Petitioners also argue that record evidence demonstrates that KEPCO
provides electricity subsidies through discriminatory pricing schedules
for certain industries, such as the steel industry. They argue that the
manufacturing and mining industries receive a lower rate than do other
industries in Korea, and therefore, a countervailable subsidy is
bestowed on these industries.
Respondents counter that petitioners misstate the nature of the
Department's specificity analysis. They state that the Department
analyzed the detailed breakdown of the number of companies in each
sector that used the program, and properly found that this program was
used by a wide variety of industry sectors, and that the respondents
were not dominant or disproportionate users. Respondents also counter
that petitioners ignore the fact that (1) steel companies tend to be
very large consumers of electricity, so it would be expected that their
savings from this program are relatively high, and (2) in order to
qualify for VCA savings, steel companies have to curtail relatively
more electricity usage than other sectors.
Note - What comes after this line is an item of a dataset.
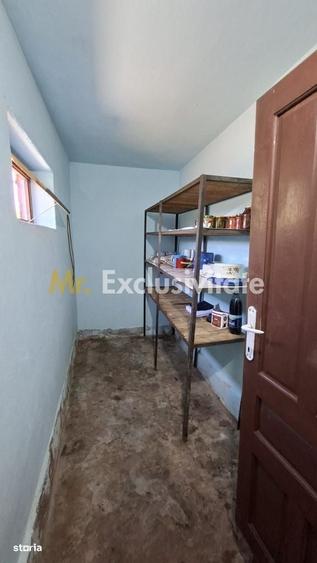 Casă cu 3 camere în Teiu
Respondents also counter that KEPCO's varying rate schedules to
different types of industries with different electricity use patterns
do not give rise to countervailable subsidies for those industries with
lower per unit rates. Moreover, according to respondents, a cursory
examination of KEPCO's rate schedule shows that there are considerable
variations in the rates applicable to users, including manufacturers,
that have different requirements as to voltage level and contract
demand.
Department's Position
The examination of electricity tariffs is a complicated issue.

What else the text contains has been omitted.